I have recently proposed that the BDM ratio can be explained by a dark matter condensate of RH sneutrinos combined with a baryon asymmetry generated via Affleck-Dine leptogenesis. In this model the densities of dark matter and baryons both originate from Bose-Einstein condensates of scalar particles which have closely related dynamics in the early Universe. Future research in this area will aim to understand in detail the phenomenology and cosmology of RH sneutrino dark matter, in particular the observational consequences for the CERN Large Hadron Collider (LHC) and ESA Planck cosmic microwave background satellite. In addition, alternative BDM scenarios and non-BDM dark matter models will be explored in order to assess the uniqueness of the RH sneutrino BDM model.
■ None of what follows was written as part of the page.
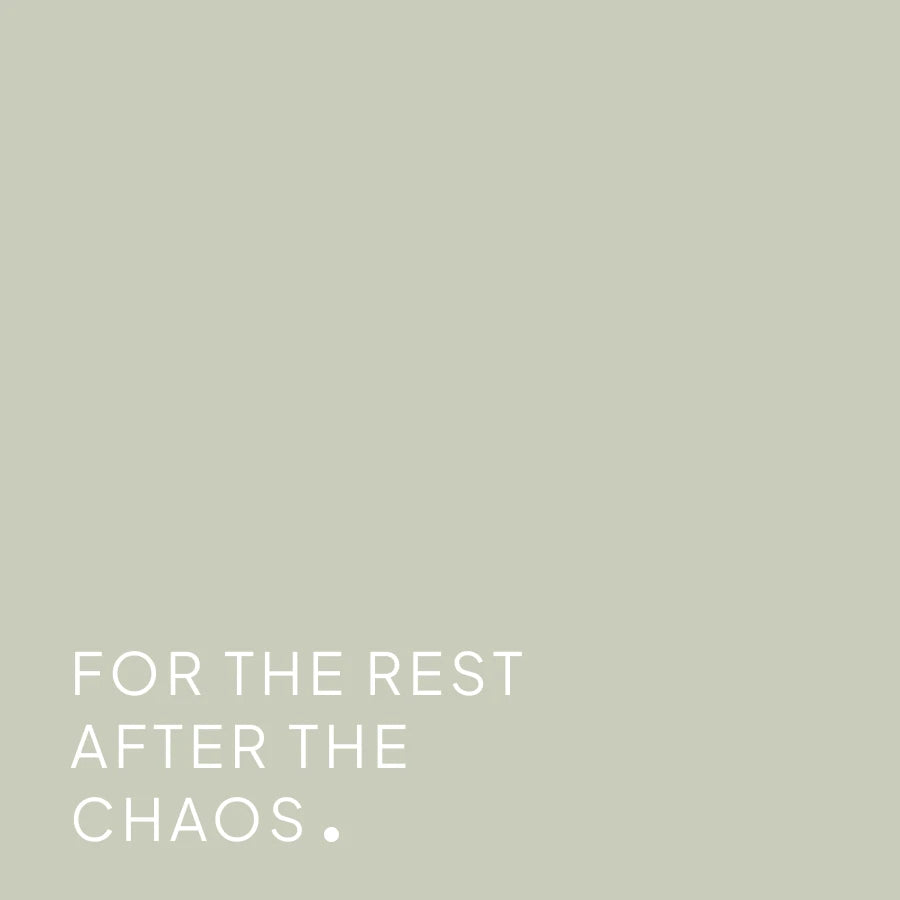 CLOUD7_ Auf einem hellbeigen Hintergrund steht in weißen Großbuchstaben der Text: „FOR THE REST AFTER THE CHAOS.“ Er befindet sich in der unteren linken Ecke.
A complete description of the Dark Sector also requires an explanation of the dark energy and why its density is similar to that of dark matter, a feature known as the Coincidence Problem. This is particularly challanging in supersymmetric models due to the large mass of the scalar particles in supersymmetry. A long-term goal will be to investigate supersymmetric dark energy models which can address the Coincidence Problem.
I am the manager of the Physics with Astrophysics and Cosmology degree scheme. In 2007/8 I will be teaching the PHYS 213 (Maths II) and PHYS 461 (Cosmology III) courses and administering the PHYS 364 Cosmology Lab. I will also supervise two PHYS 451 MPhys projects.